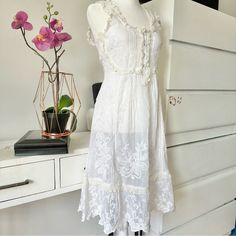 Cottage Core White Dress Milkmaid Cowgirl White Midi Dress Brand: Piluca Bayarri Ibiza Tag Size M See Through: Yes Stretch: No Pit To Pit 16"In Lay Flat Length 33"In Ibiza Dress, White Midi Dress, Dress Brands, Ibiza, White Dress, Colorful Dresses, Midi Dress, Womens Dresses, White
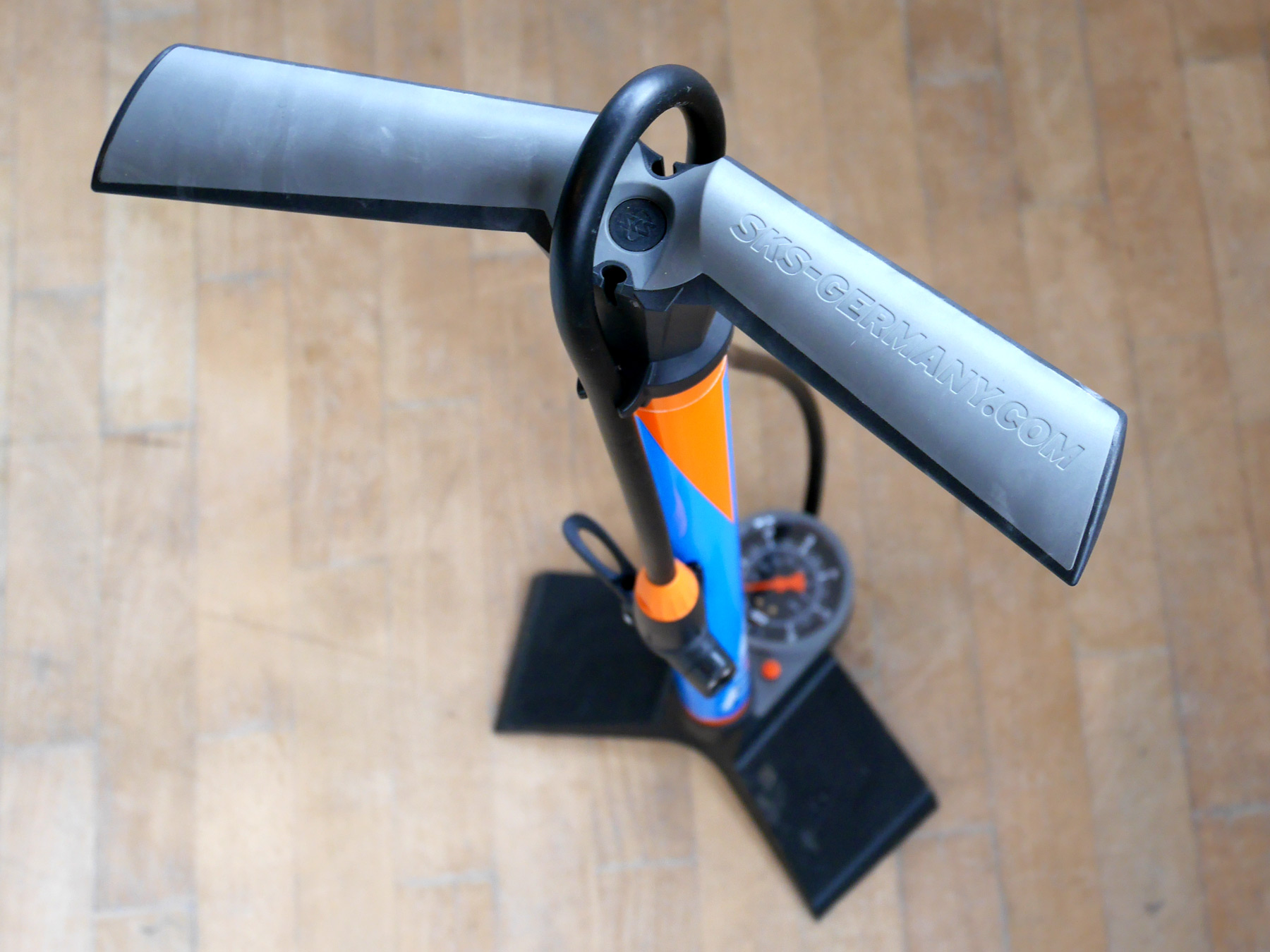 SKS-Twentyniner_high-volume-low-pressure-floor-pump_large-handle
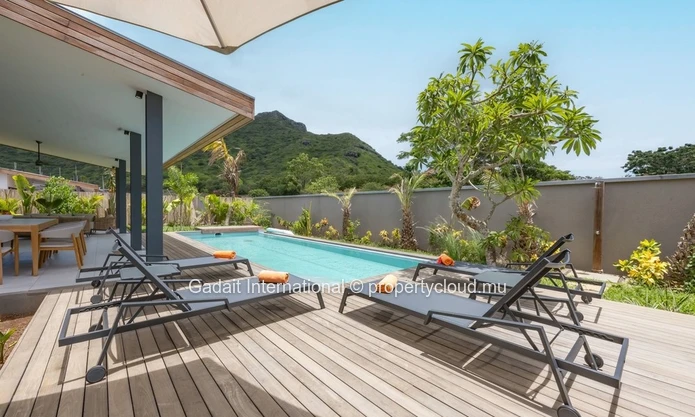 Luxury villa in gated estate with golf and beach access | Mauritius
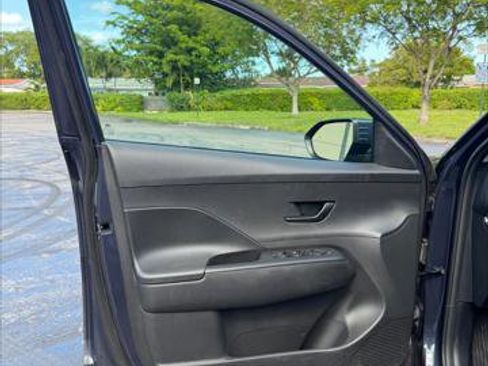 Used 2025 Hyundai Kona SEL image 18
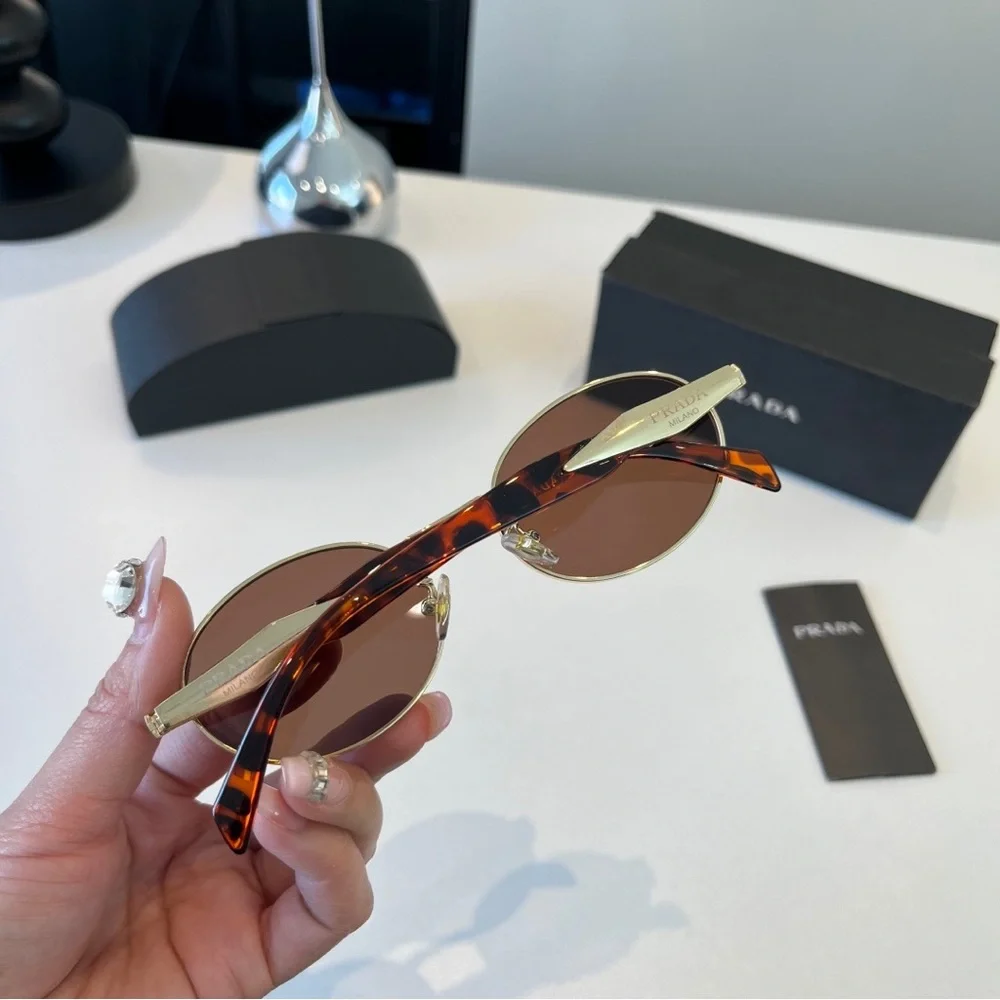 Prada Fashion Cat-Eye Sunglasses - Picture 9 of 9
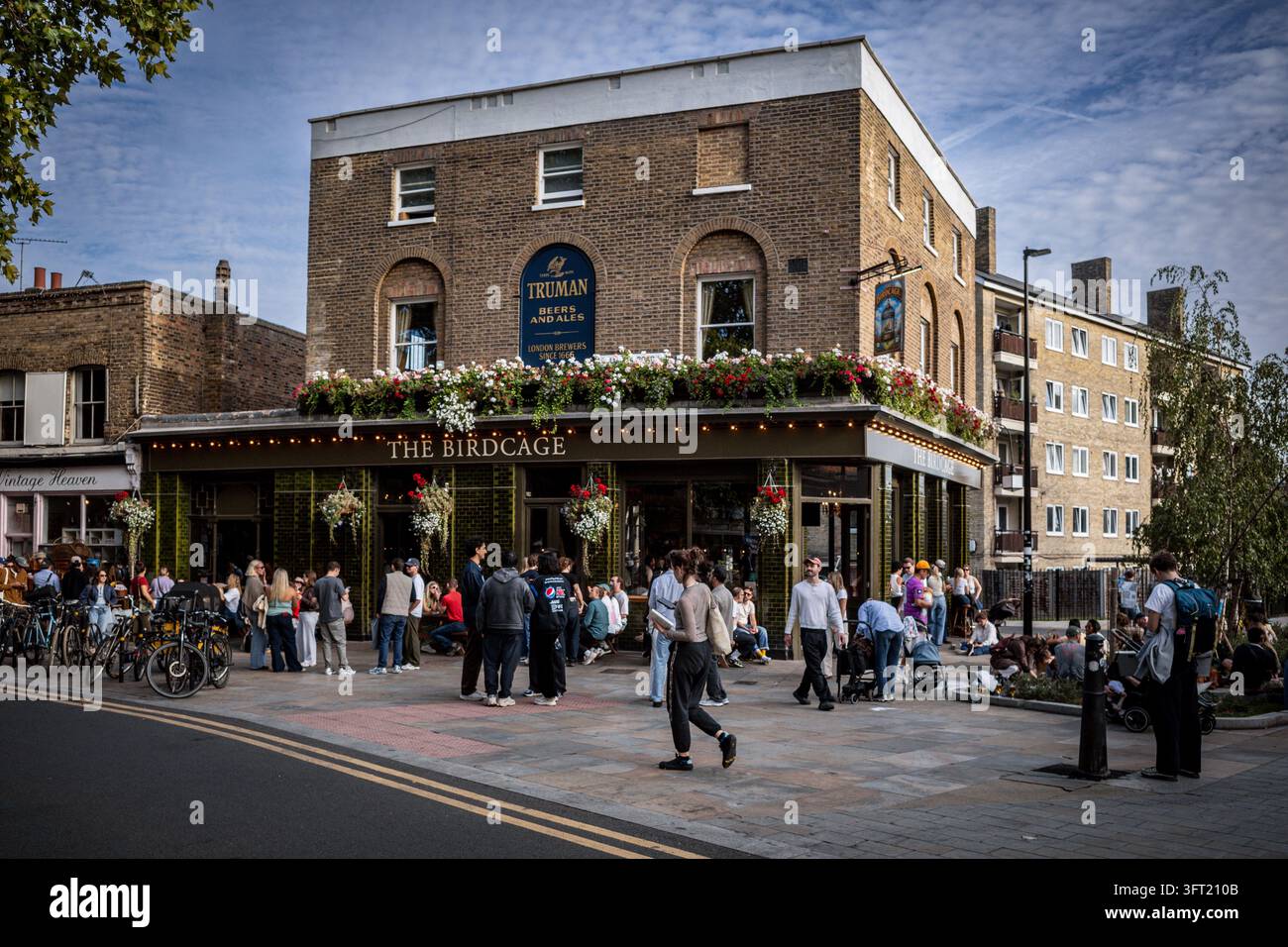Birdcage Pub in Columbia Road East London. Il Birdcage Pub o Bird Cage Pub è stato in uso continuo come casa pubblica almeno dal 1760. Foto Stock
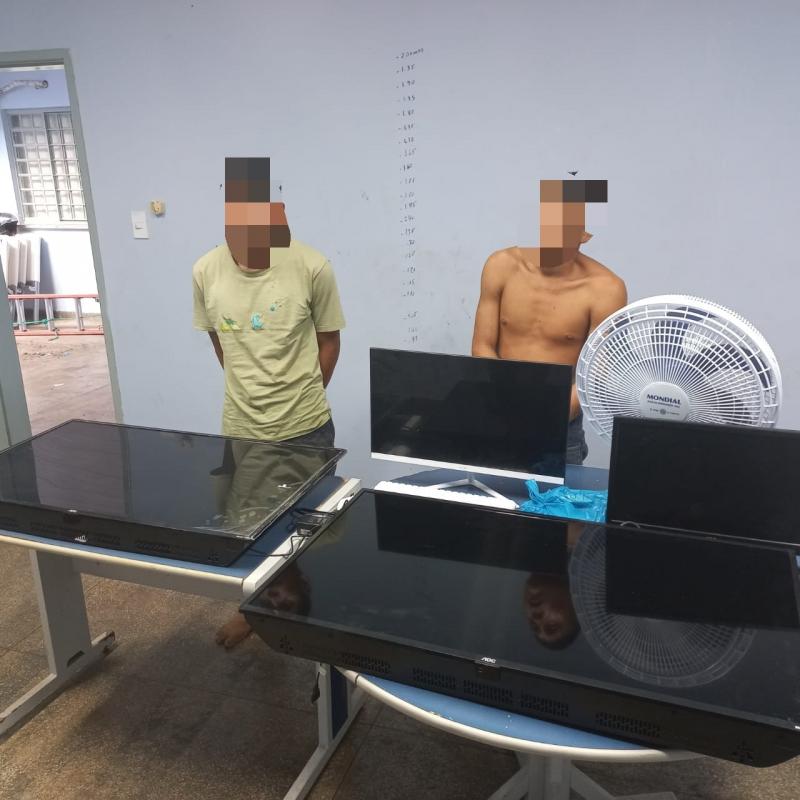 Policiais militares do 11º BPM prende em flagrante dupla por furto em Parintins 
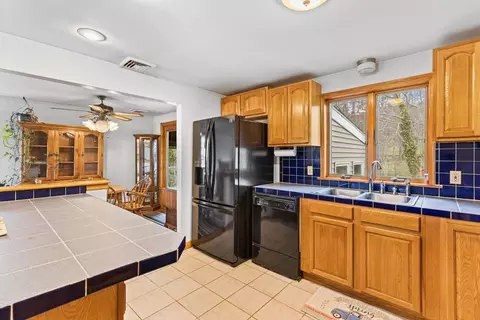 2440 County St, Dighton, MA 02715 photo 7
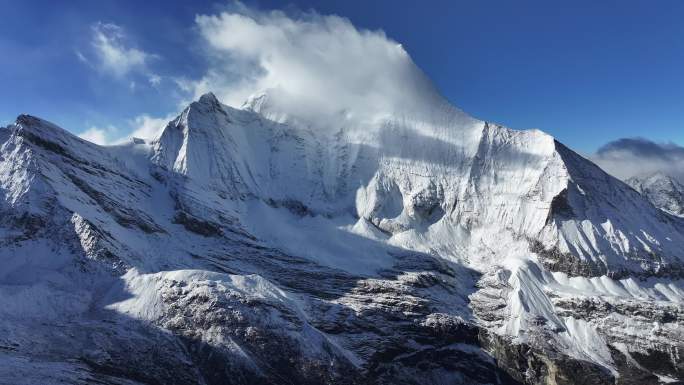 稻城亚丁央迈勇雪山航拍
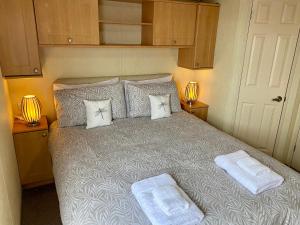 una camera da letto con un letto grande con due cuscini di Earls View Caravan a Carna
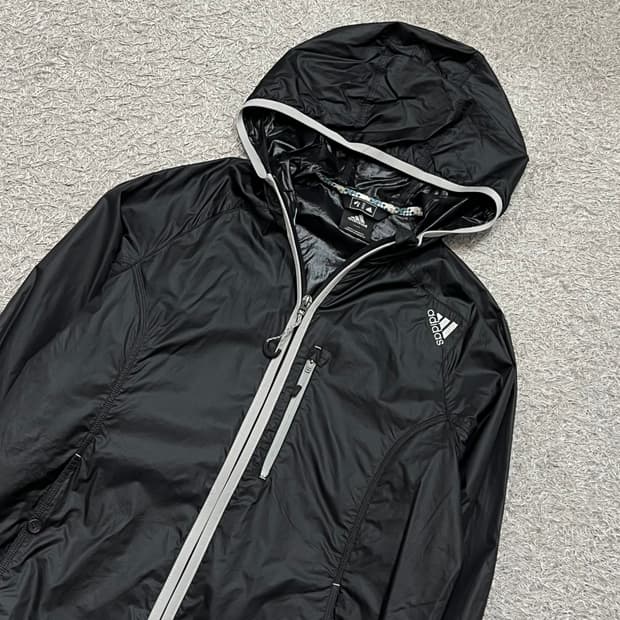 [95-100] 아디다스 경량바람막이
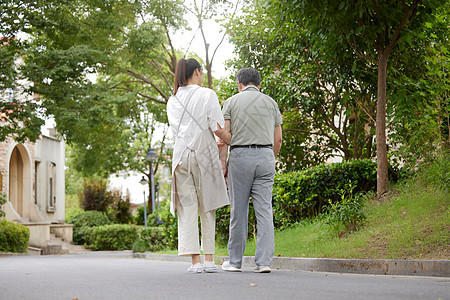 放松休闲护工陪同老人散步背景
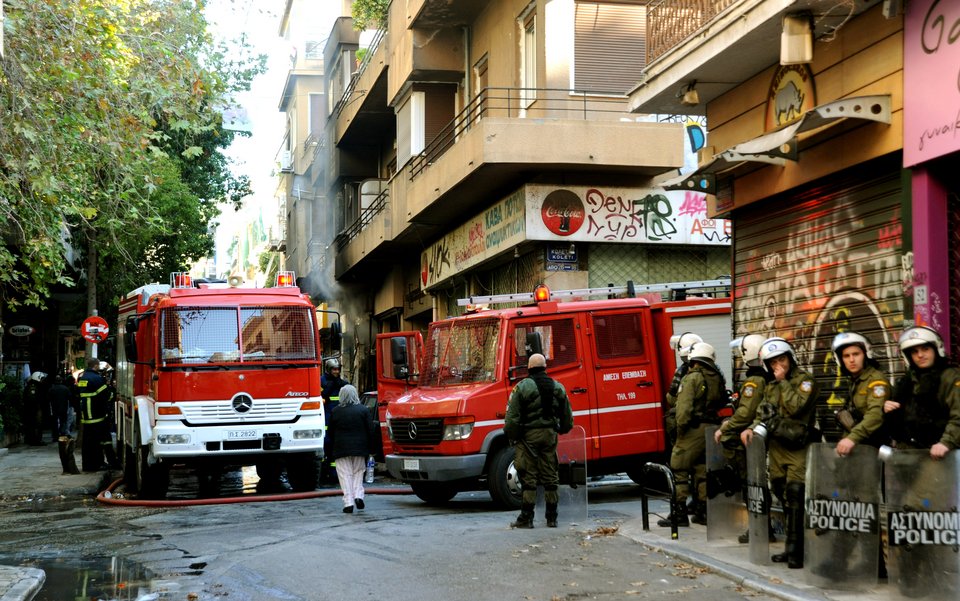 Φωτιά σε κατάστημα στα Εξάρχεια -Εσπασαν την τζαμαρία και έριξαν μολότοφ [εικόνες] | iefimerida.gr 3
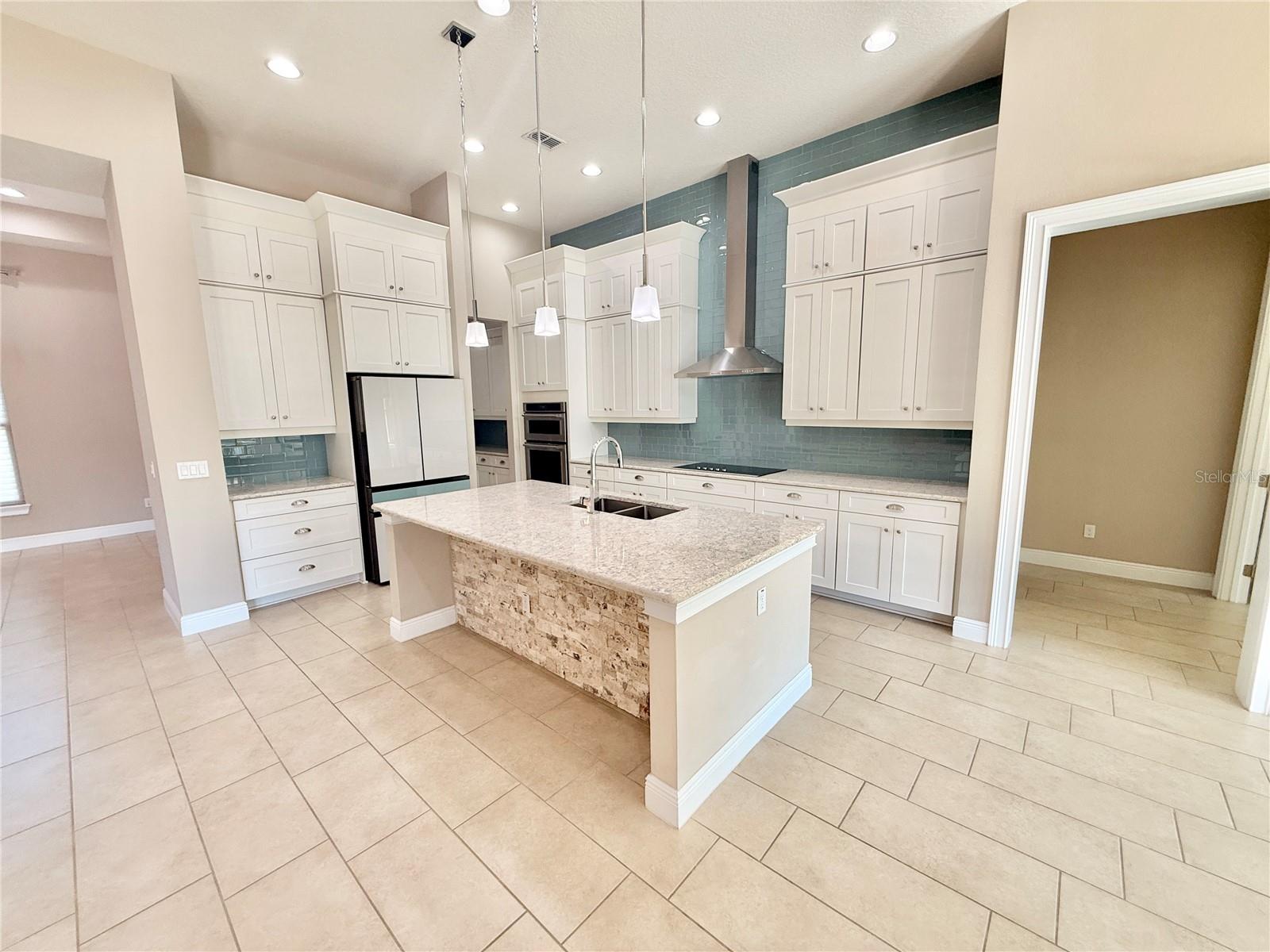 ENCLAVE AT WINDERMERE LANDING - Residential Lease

# Required work
The whole listing above is to be printed again exactly; pictures stay out of it.

# Finished exercise
 Cottage Core White Dress Milkmaid Cowgirl White Midi Dress Brand: Piluca Bayarri Ibiza Tag Size M See Through: Yes Stretch: No Pit To Pit 16"In Lay Flat Length 33"In Ibiza Dress, White Midi Dress, Dress Brands, Ibiza, White Dress, Colorful Dresses, Midi Dress, Womens Dresses, White
 SKS-Twentyniner_high-volume-low-pressure-floor-pump_large-handle
 Luxury villa in gated estate with golf and beach access | Mauritius
 Used 2025 Hyundai Kona SEL image 18
 Prada Fashion Cat-Eye Sunglasses - Picture 9 of 9
Birdcage Pub in Columbia Road East London. Il Birdcage Pub o Bird Cage Pub è stato in uso continuo come casa pubblica almeno dal 1760. Foto Stock
 Policiais militares do 11º BPM prende em flagrante dupla por furto em Parintins 
 2440 County St, Dighton, MA 02715 photo 7
 稻城亚丁央迈勇雪山航拍
 una camera da letto con un letto grande con due cuscini di Earls View Caravan a Carna
 [95-100] 아디다스 경량바람막이
 放松休闲护工陪同老人散步背景
 Φωτιά σε κατάστημα στα Εξάρχεια -Εσπασαν την τζαμαρία και έριξαν μολότοφ [εικόνες] | iefimerida.gr 3
 ENCLAVE AT WINDERMERE LANDING - Residential Lease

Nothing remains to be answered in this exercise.